Хосе Лесама Лима (1910–1976) — выдающийся кубинский писатель, гордость испанского языка и несомненный классик, стихи и проза которого несут в себе фантастический синтез мировых культур.

X. Л. Лима дебютировал как поэт в 1930-е годы; в 1940-е-1950-е гг. возглавил интеллектуальный кружок поэтов-трансцеденталистов, создал лучший в испаноязычном мире журнал «Орихенес».

Его любили Хулио Кортасар и Варгас Льоса. В Европе и обеих Америках его издавали не раз. На русском языке это вторая книга избранных произведений; многое печатается впервые, включая «Гавану» — «карманный путеводитель», в котором видится малая summa всего созданного Лесамой.

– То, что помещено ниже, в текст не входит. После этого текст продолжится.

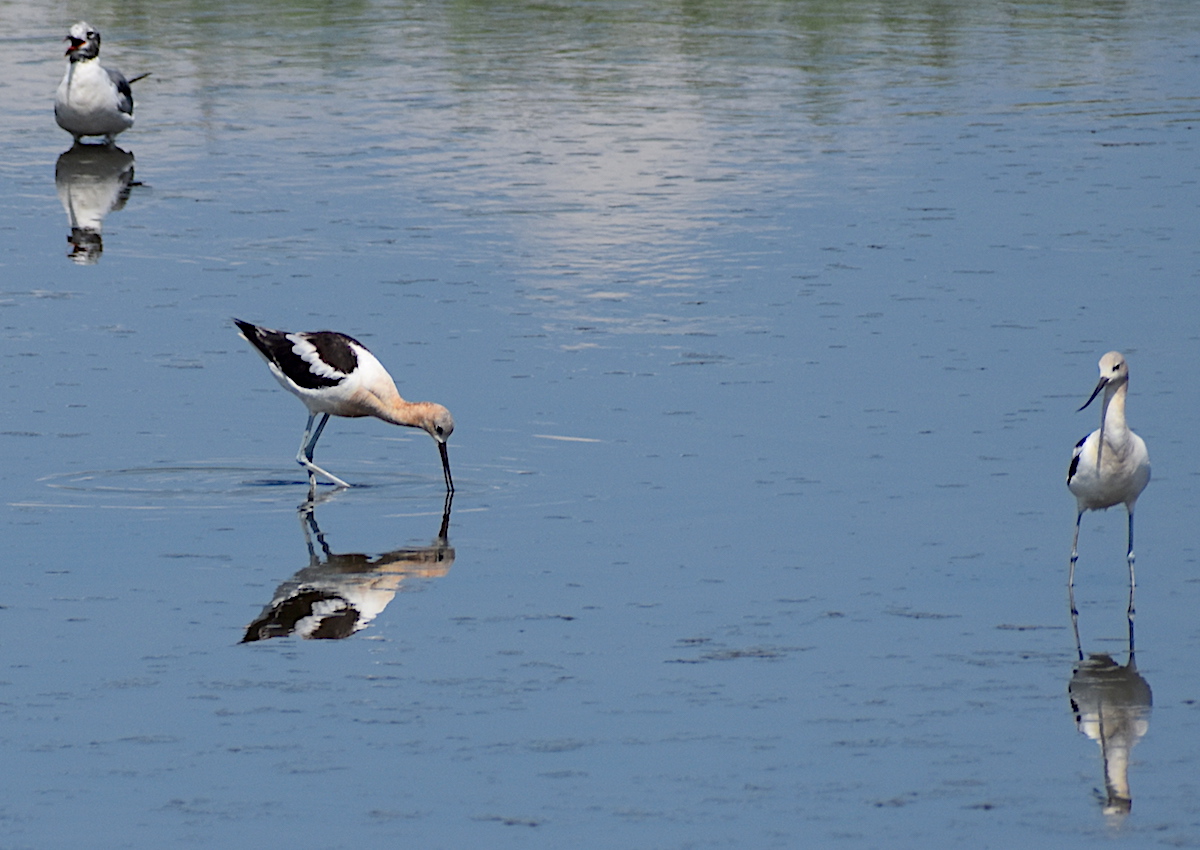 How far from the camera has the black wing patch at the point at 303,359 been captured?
42.2ft

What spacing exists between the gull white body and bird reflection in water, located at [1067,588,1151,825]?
57.8ft

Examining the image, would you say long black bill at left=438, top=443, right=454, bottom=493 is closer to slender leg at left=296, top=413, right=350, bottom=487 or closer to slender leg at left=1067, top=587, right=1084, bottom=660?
slender leg at left=296, top=413, right=350, bottom=487

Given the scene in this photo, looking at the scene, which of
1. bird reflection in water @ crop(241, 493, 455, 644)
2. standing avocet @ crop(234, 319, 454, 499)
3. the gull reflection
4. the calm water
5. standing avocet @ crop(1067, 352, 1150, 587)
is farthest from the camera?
the gull reflection

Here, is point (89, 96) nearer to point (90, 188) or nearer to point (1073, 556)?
point (90, 188)

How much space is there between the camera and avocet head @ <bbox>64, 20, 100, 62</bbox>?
25.0 metres

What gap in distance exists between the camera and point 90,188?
22.8m

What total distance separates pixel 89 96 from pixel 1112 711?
60.8 feet

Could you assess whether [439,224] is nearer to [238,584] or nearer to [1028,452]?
[1028,452]

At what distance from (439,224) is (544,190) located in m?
2.03

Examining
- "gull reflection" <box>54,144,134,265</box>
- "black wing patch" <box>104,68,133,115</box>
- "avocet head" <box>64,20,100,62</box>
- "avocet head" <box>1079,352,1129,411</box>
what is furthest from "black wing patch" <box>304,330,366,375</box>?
"avocet head" <box>64,20,100,62</box>

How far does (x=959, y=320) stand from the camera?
16188 mm

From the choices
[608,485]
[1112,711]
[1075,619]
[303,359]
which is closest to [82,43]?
[303,359]

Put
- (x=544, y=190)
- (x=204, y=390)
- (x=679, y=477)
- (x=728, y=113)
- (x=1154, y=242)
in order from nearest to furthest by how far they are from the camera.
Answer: (x=679, y=477), (x=204, y=390), (x=1154, y=242), (x=544, y=190), (x=728, y=113)

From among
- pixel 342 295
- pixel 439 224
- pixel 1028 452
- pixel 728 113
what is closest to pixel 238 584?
pixel 1028 452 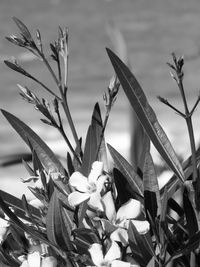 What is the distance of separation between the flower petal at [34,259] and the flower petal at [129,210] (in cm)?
10

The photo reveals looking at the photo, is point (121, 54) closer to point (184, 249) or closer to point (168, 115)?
point (184, 249)

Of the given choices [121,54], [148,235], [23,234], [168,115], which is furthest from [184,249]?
[168,115]

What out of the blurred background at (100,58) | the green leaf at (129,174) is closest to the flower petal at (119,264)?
the green leaf at (129,174)

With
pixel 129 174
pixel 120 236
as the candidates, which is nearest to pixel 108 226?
pixel 120 236

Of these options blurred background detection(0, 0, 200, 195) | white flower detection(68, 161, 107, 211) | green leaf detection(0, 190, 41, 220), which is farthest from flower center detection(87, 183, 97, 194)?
blurred background detection(0, 0, 200, 195)

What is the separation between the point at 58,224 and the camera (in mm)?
878

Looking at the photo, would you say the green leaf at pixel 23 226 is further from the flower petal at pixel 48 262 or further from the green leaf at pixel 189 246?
the green leaf at pixel 189 246

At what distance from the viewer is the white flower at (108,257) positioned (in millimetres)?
854

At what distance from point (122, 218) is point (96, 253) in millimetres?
45

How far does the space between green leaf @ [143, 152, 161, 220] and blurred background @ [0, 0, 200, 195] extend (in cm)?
117

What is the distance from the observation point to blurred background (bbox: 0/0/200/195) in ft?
12.0

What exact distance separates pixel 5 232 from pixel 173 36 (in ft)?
18.5

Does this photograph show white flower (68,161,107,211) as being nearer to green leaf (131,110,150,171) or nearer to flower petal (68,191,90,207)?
flower petal (68,191,90,207)

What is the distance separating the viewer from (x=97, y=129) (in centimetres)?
107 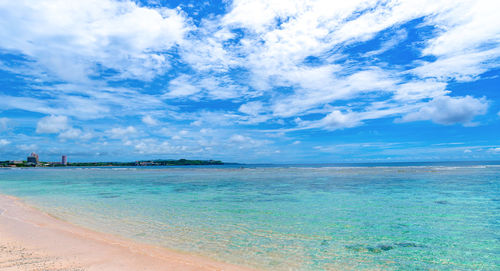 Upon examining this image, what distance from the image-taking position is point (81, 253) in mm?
8039

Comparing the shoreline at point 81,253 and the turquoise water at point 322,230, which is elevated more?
the shoreline at point 81,253

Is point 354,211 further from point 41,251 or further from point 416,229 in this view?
point 41,251

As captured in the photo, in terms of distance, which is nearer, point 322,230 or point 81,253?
point 81,253

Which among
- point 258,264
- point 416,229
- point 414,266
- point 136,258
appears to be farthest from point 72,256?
point 416,229

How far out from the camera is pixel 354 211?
14.9m

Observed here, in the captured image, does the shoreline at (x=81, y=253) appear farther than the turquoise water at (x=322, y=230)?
No

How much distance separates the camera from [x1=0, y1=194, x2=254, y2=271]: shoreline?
7098 mm

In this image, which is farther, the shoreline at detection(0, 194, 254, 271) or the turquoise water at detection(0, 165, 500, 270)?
the turquoise water at detection(0, 165, 500, 270)

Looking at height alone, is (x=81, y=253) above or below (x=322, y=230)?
above

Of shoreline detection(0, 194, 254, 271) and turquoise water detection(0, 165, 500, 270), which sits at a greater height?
shoreline detection(0, 194, 254, 271)

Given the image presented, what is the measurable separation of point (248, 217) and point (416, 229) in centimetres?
723

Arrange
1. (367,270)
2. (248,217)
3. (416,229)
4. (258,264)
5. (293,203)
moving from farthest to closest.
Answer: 1. (293,203)
2. (248,217)
3. (416,229)
4. (258,264)
5. (367,270)

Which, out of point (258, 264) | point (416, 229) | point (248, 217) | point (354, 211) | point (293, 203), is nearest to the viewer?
point (258, 264)

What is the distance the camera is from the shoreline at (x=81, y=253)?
710 centimetres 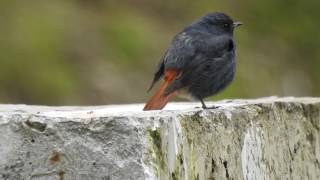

Лесама Лима: образ и возможность

«Читать Лесаму — труд тяжелый и как мало что другое выводящий читателя из себя», — признался младший друг, корреспондент, внимательный читатель его поэзии и прозы Хулио Кортасар. Это не помешало Кортасару в конце 1960-х годов без колебаний назвать Хосе Лесама Лиму автором уровня уже прославленных тогда Хорхе Луиса Борхеса и Октавио Паса (прижизненная печатная судьба кубинского мастера у него на родине была к этому времени фактически завершена, а после 1971 года, отмеченного позорным для властей «делом» поэта и правозащитника Эберто Падильи, нелояльный писатель и вовсе оказался под запретом со стороны официальных инстанций). И все же о сложностях при чтении Лесамы, единодушно признавая его масштаб, настойчиво говорили — и писали ему самому — даже наиболее искушенные и благожелательные читатели. Автор отвечал одно: «Только трудное дает силу».

Российской публике в этой ситуации, пожалуй, еще сложней: мало кто у нас в стране знает или верит, будто на Кубе есть, да и вообще может быть, замечательная словесность, по привычке отождествляя культуру и политику (между тем почти все лучшие кубинские авторы второй половины XX века открыто порвали с кастристским режимом, а потому на протяжении позднесоветских десятилетий были по-русски не публикуемы и даже не упоминаемы). Кроме того, у мысли и слова Лесамы Лимы — очень длинная и достаточно запутанная родословная, вне которой, как писал тот же Кортасар, рискуешь «утерять путеводную нить, сбиться, понять плохо или, еще хуже, понять наполовину», а эта родословная в необходимых подробностях известна, опять-таки, скорей всего немногим. Кое-какие вехи тут подскажет уже оглавление нынешней книги, переполненное, как легко видеть, именами собственными. Но и к ним стоит — хотя бы лапидарным перечнем — добавить Платона и Аристотеля, орфиков и гностиков, средневековую схоластику и агиографию, европейское и колониальное барокко, Данте и Вико, Монтеня и Декарта, Спинозу и Гете, Честертона, Джойса и Элиота, Рильке и Музиля, Пруста, Сен-Жона Перса и Леона Блуа.